In addition to the qualifications set forth above, the foregoing opinion is further qualified as follows:

(a) The foregoing opinion is rendered as of the date hereof. We assume no obligation to update such opinion to reflect any facts or circumstances that may hereafter come to our attention or changes in the law which may hereafter occur.

(b) This opinion concerns only the effect of the laws (exclusively of the principles of conflict of laws) of the State of Maryland as currently in effect.

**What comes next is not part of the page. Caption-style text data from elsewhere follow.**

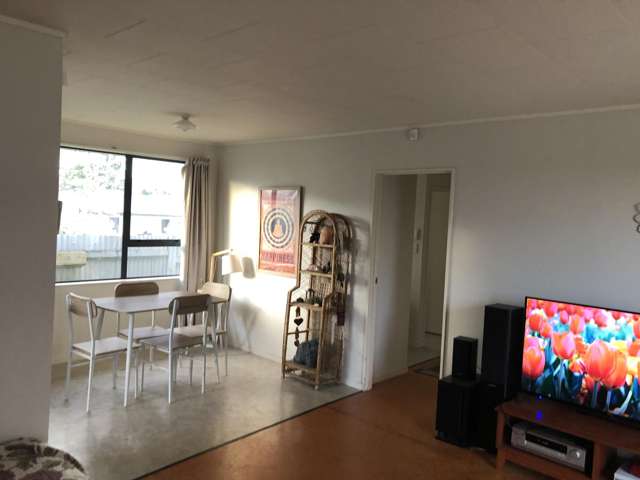 27 Havelock Road Ngaruawahia_4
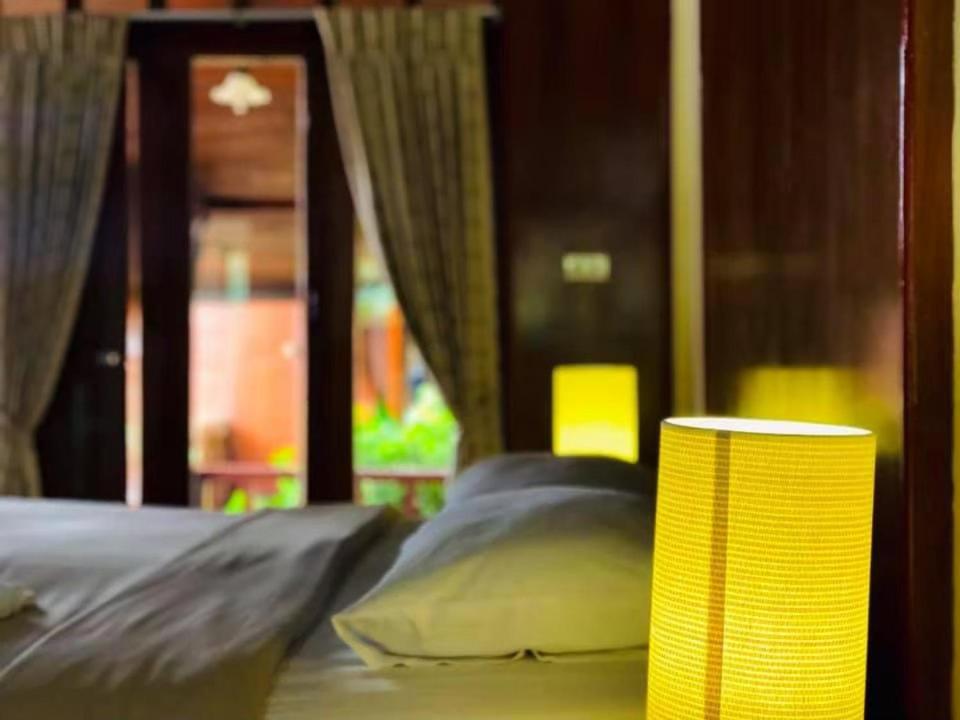 Utopia Resort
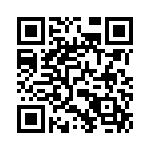 08053C563JAT2A QRCode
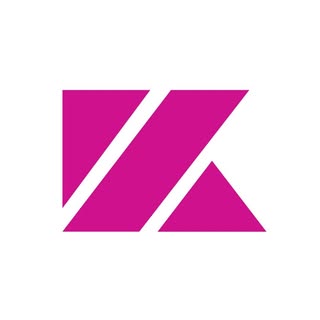 Kazed logo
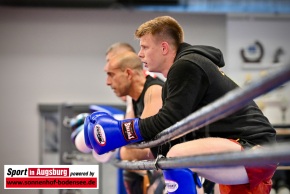 Ultimate-Gym-Muay-Thai-Workshop-mit-Damien-Alamos_4372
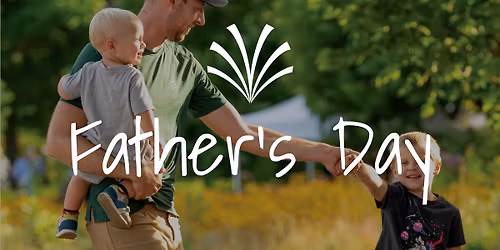 Father's Day 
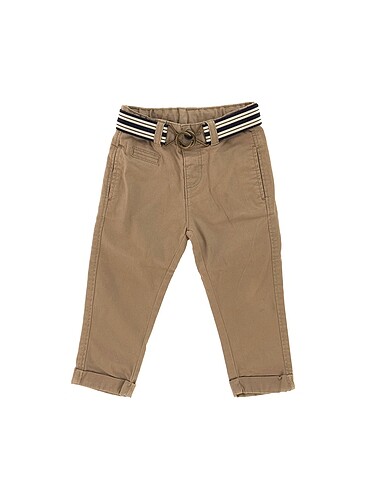 Chicco Pantolon - İndirimli.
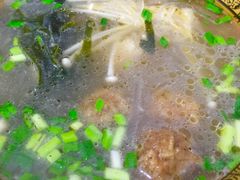-湯太宗不翻湯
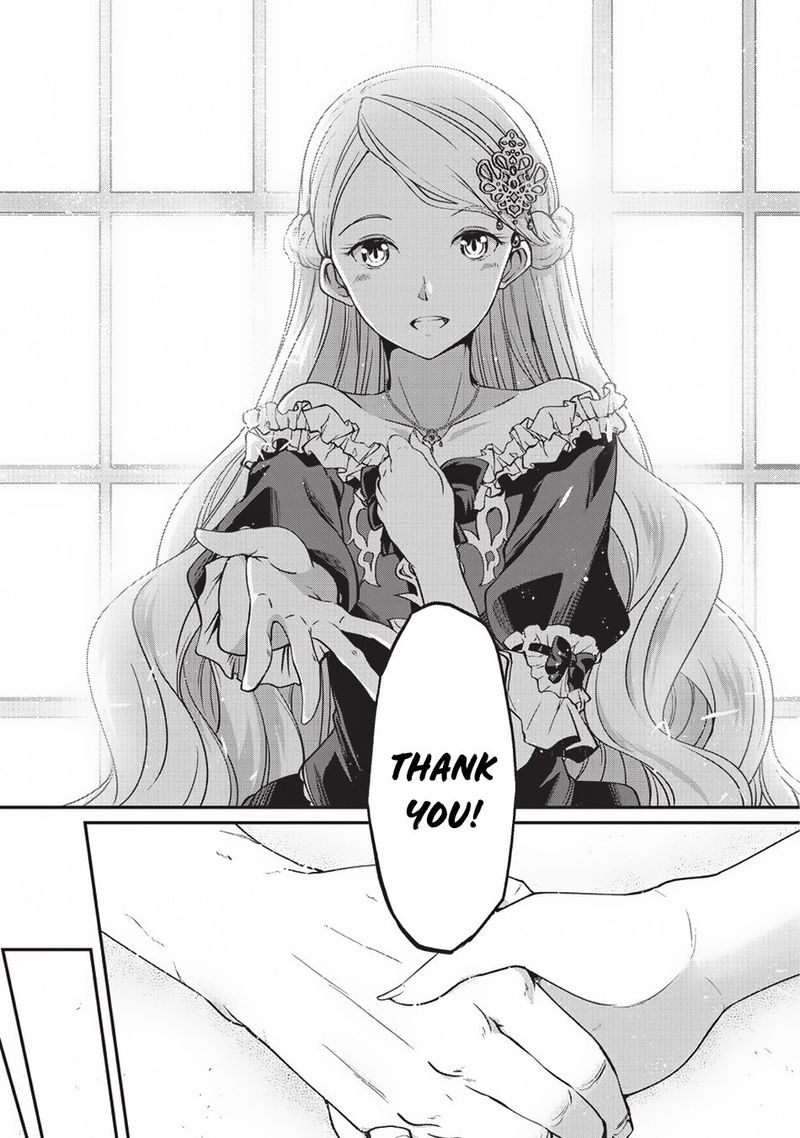 Gaikotsu Kishi Sama Tadaima Isekai E O Dekake Chuu 17 8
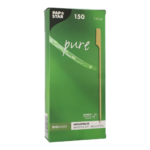 Product foto van Grillspies Golf 25cm set van 150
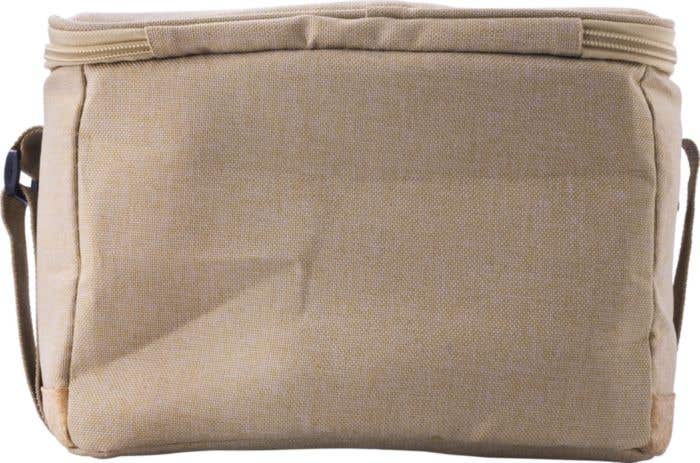 Koeltas Sage | 3,5 L | Kurkdetail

We assume no obligation to supplement this opinion if any applicable laws change after the date hereof or if any facts or circumstances come to our attention after the date hereof that might change his opinion.

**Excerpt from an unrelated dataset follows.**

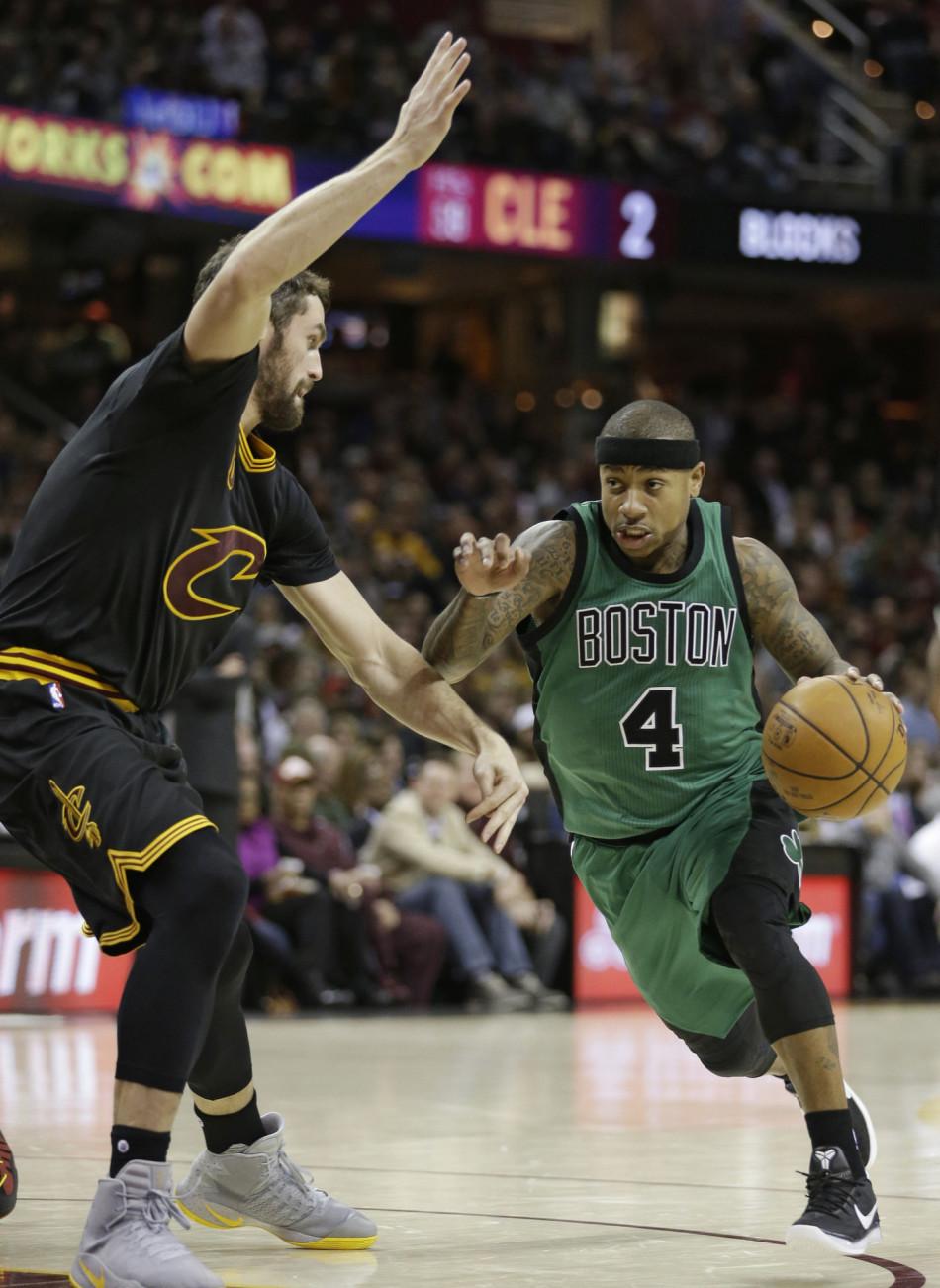 出复杂动作 出复杂动作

(c) We express no opinion as to compliance with the securities (or “blue sky”), laws, broker licensing laws, real estate syndication laws, mortgage lending laws or principles of conflicts of laws of the State of Maryland or any other jurisdiction.

(d) We express no opinion as to the issuance of any Securities by any issuer other than the Company.

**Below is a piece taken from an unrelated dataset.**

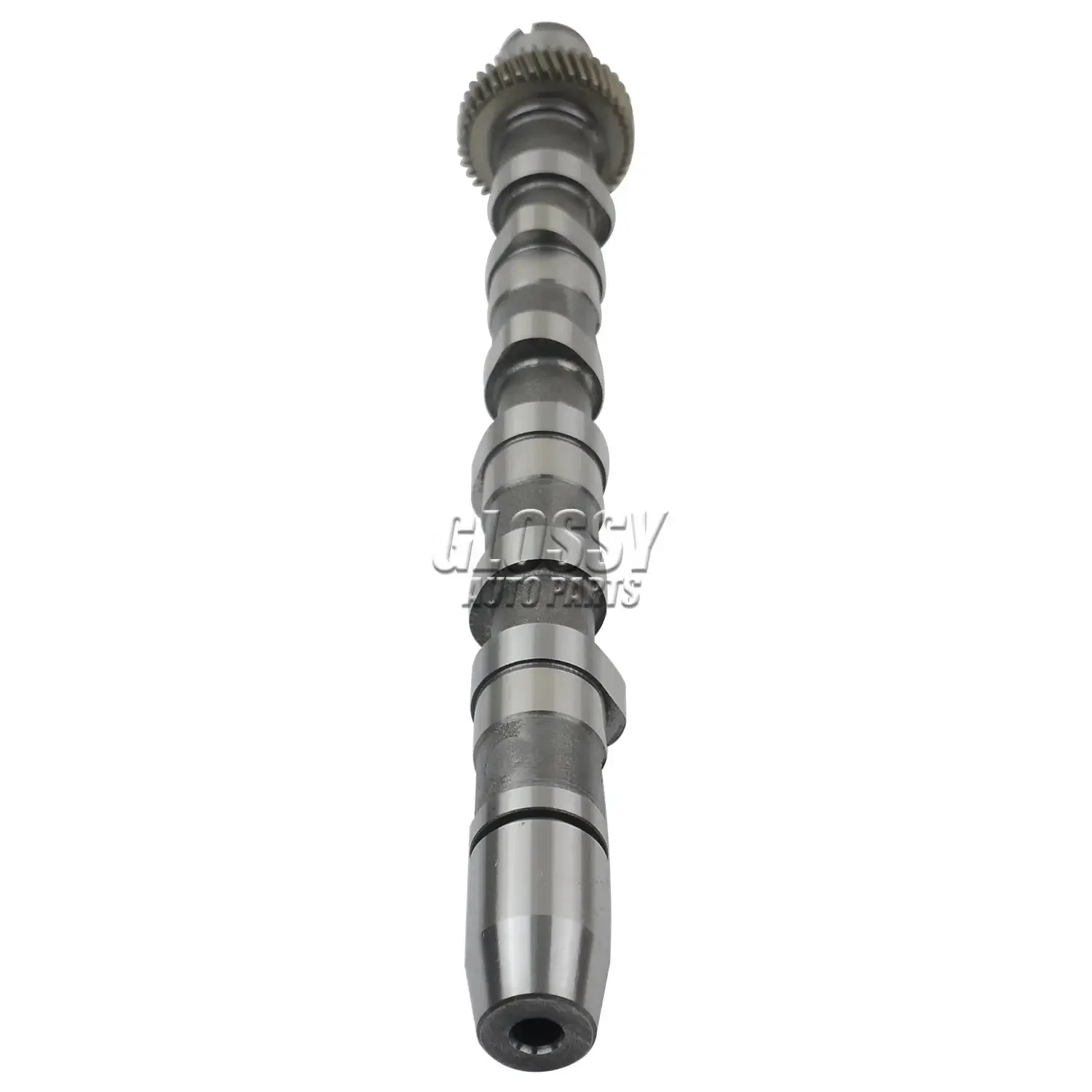 AP01 اسطوانة عمود الحدبات 4-6 لشركة فولكس فاجن باسات أودي A8 A6 A4 Allroad سكودا سوبيرب AFB AKE AKN AYM 059109022BD 059109022L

(e) This opinion is limited to the matters set forth herein, and no other opinion should be inferred beyond the matters expressly stated.

We hereby consent to the filing of this opinion with the Commission as Exhibit 5.2 to the Registration Statement and to the reference to our firm under the heading “Legal Matters” in the Prospectus forming part of the Registration Statement. O’Melveny & Myers LLP and Kirkland & Ellis LLP are authorized to rely on this opinion as if the opinion were addressed to them solely for the purpose of rendering their opinions to be filed as Exhibits 5.1 and Exhibit 8.1, respectively, to the Registration Statement. In giving our consent, we do not thereby admit that we are in the category of persons whose consent is required under Section 7 of the Securities Act or the rules and regulations of the Commission thereunder.